* PROBLEM TO WORK ON
Restate the data exactly as given and keep the pictures out.
----- DATA TO EXAMINE
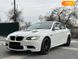 BMW M3, 2008, Бензин, 4 л., 119 тыс. км, Купе, Белый, Львов 44205 фото 22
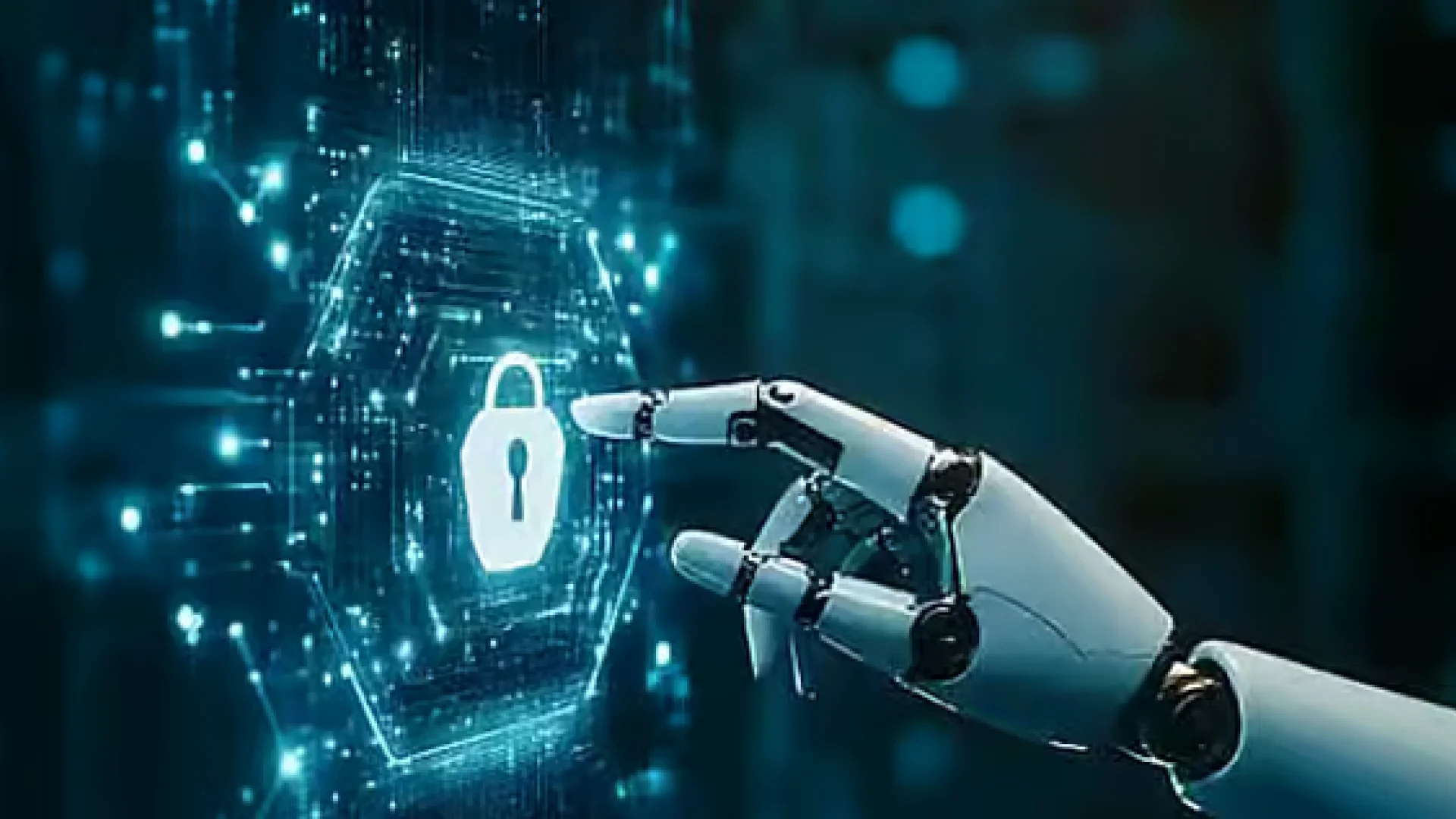Dubai launches world’s first Master’s in AI Governance | Die Geissens Real Estate | Luxus Immobilien mit Carmen und Robert Geiss – Die Geissens in Dubai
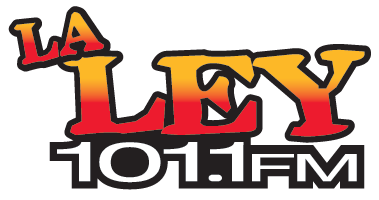 LaLeyLogo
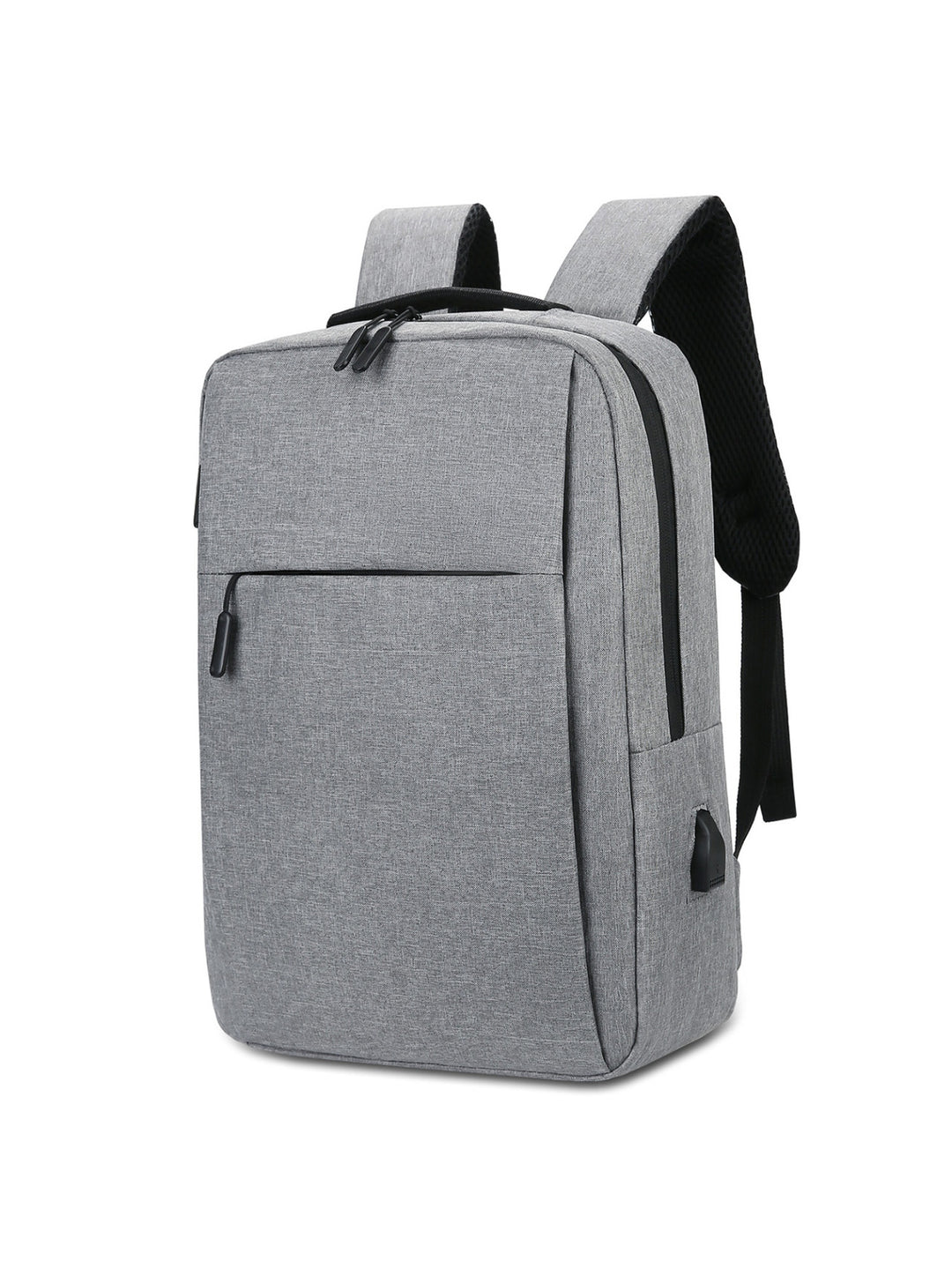 Tech-Friendly Work Backpack Bowlift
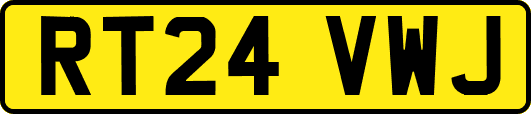 RT24VWJ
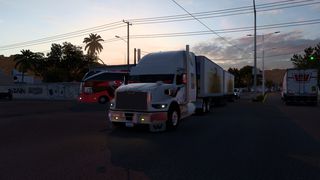 Image by Roberto5700xe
----------
* RESPONSE
 BMW M3, 2008, Бензин, 4 л., 119 тыс. км, Купе, Белый, Львов 44205 фото 22
Dubai launches world’s first Master’s in AI Governance | Die Geissens Real Estate | Luxus Immobilien mit Carmen und Robert Geiss – Die Geissens in Dubai
 LaLeyLogo
 Tech-Friendly Work Backpack Bowlift
 RT24VWJ
 Image by Roberto5700xe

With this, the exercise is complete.